--- START ---

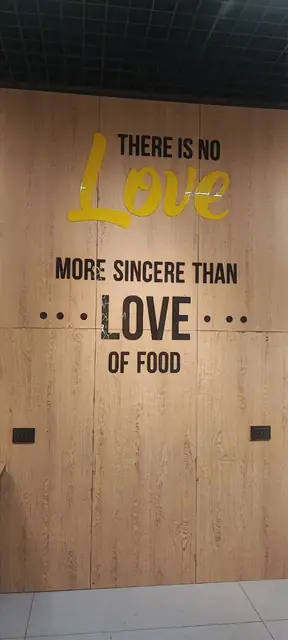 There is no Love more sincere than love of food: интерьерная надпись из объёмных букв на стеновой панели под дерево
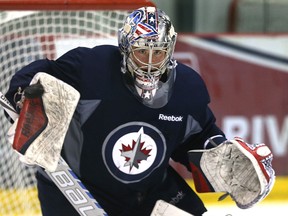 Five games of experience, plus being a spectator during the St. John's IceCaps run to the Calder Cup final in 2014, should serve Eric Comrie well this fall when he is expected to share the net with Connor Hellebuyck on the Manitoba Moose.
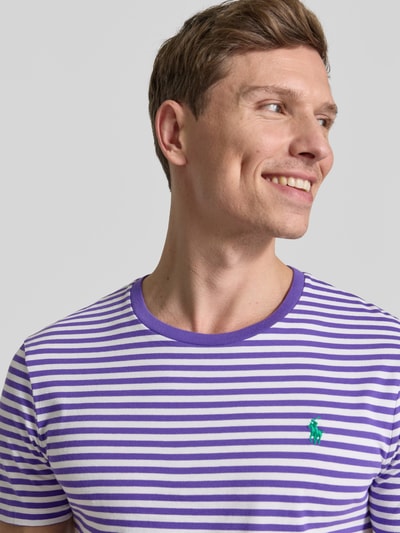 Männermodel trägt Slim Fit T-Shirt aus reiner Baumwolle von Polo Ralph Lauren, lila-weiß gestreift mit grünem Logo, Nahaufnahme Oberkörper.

--- END ---
--- START ---

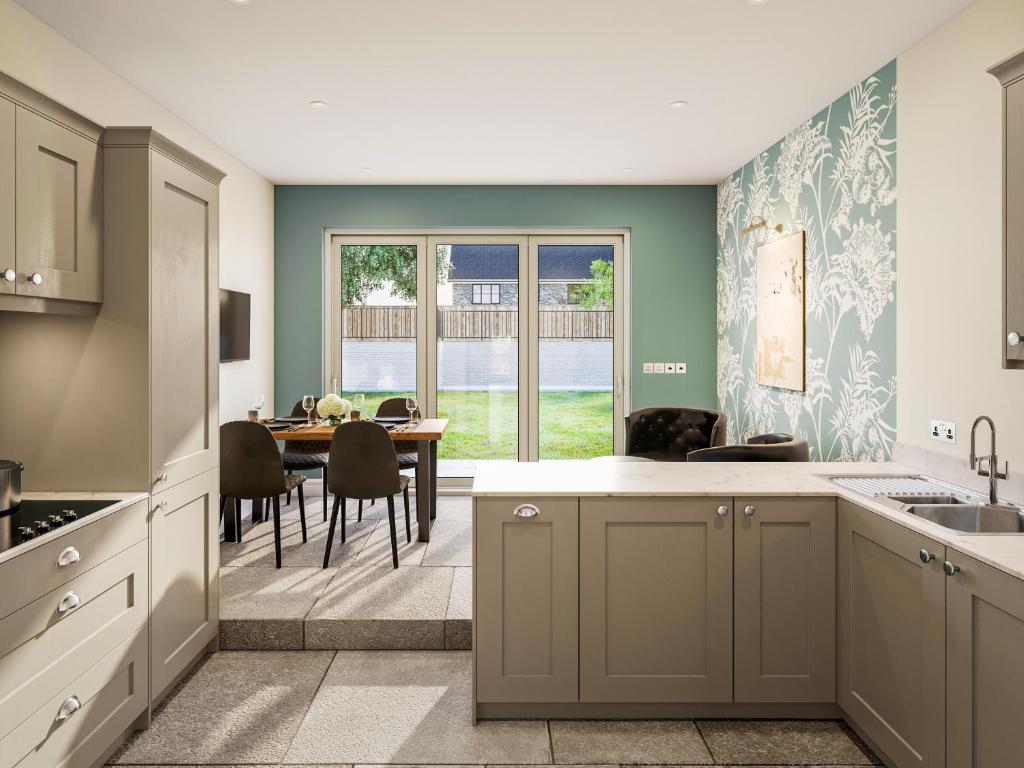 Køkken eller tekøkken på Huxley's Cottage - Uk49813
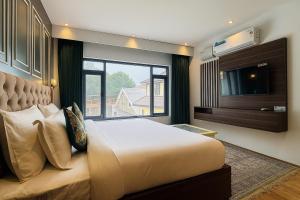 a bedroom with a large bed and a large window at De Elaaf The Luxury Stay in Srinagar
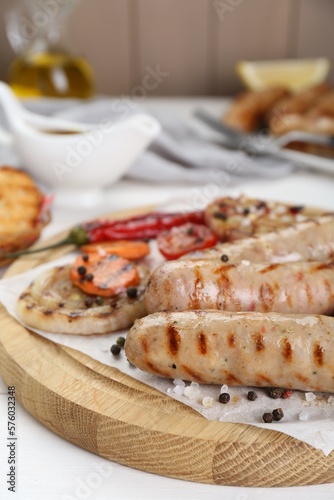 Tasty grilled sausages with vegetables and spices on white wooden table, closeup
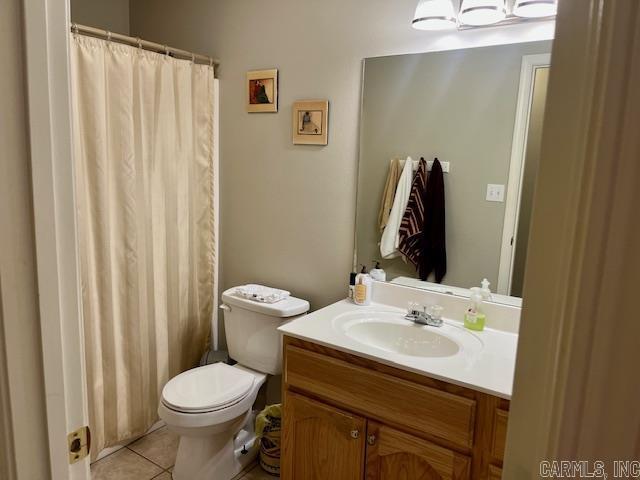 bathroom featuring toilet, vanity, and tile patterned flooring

--- END ---
--- START ---

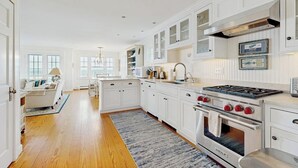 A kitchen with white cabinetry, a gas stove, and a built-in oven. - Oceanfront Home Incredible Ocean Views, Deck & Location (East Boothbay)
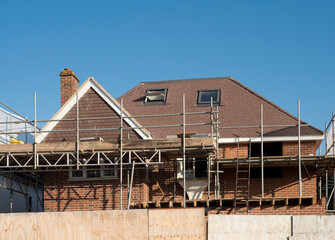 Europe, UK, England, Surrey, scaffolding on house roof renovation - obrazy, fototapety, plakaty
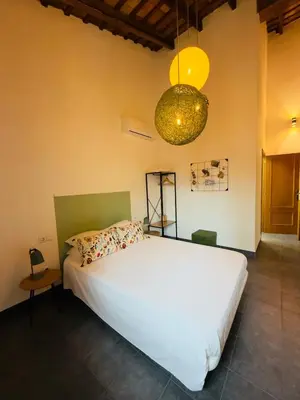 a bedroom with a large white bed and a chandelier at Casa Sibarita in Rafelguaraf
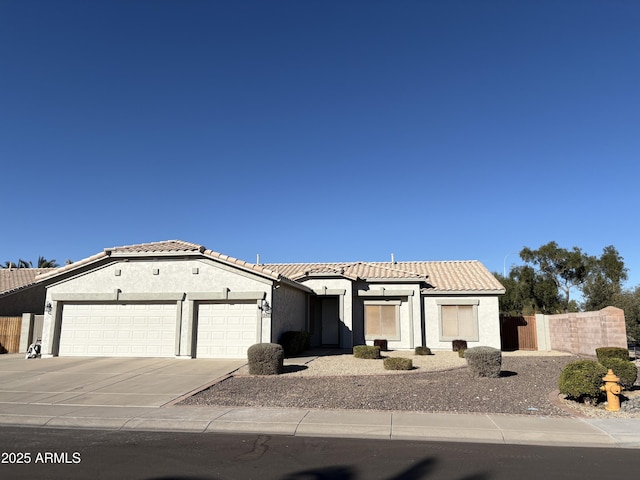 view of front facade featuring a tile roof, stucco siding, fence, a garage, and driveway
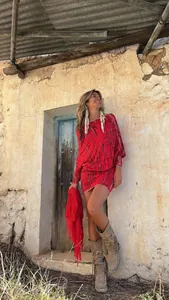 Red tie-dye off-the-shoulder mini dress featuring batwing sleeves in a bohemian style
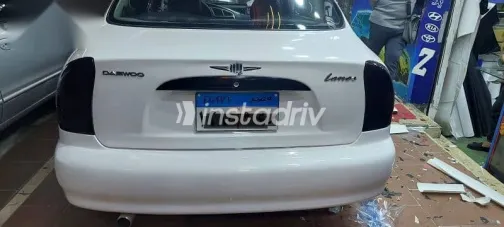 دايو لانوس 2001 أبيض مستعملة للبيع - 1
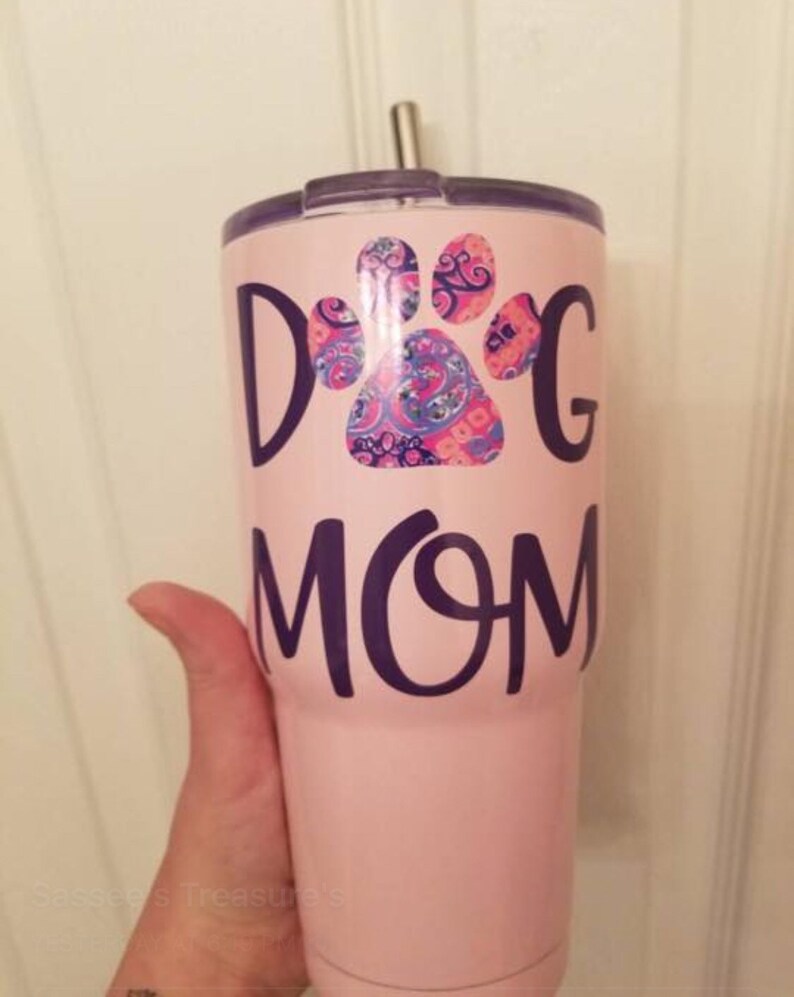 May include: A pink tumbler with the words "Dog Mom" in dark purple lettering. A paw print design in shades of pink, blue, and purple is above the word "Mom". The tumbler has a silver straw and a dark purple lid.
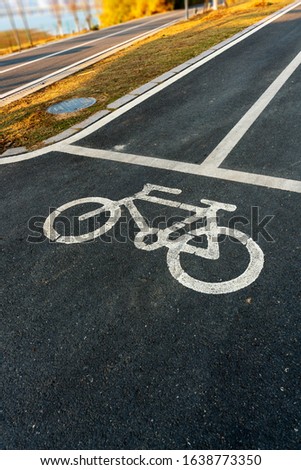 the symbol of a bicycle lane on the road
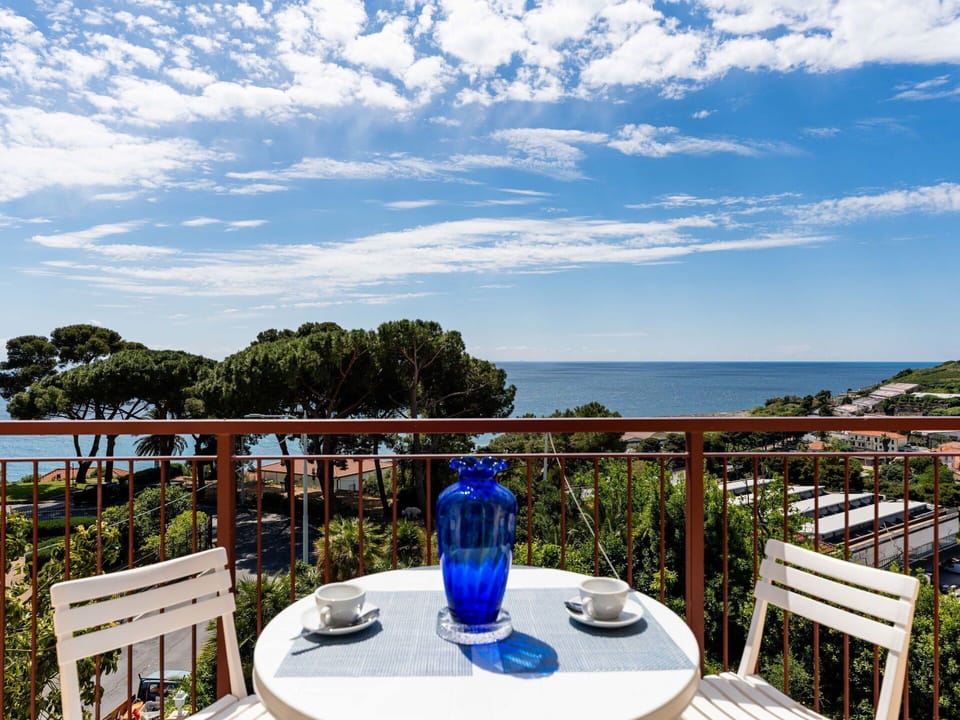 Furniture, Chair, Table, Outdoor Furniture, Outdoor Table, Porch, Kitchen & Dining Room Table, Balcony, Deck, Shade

--- END ---

**The problem**
Among the entries above, find the line with "a bedroom with a large white" and repeat exactly from there through the line with "Furniture, Chair, Table, Outdoor", leaving out the pictures.

**Answer to this task**
 a bedroom with a large white bed and a chandelier at Casa Sibarita in Rafelguaraf
 view of front facade featuring a tile roof, stucco siding, fence, a garage, and driveway
 Red tie-dye off-the-shoulder mini dress featuring batwing sleeves in a bohemian style
 دايو لانوس 2001 أبيض مستعملة للبيع - 1
 May include: A pink tumbler with the words "Dog Mom" in dark purple lettering. A paw print design in shades of pink, blue, and purple is above the word "Mom". The tumbler has a silver straw and a dark purple lid.
 the symbol of a bicycle lane on the road
 Furniture, Chair, Table, Outdoor Furniture, Outdoor Table, Porch, Kitchen & Dining Room Table, Balcony, Deck, Shade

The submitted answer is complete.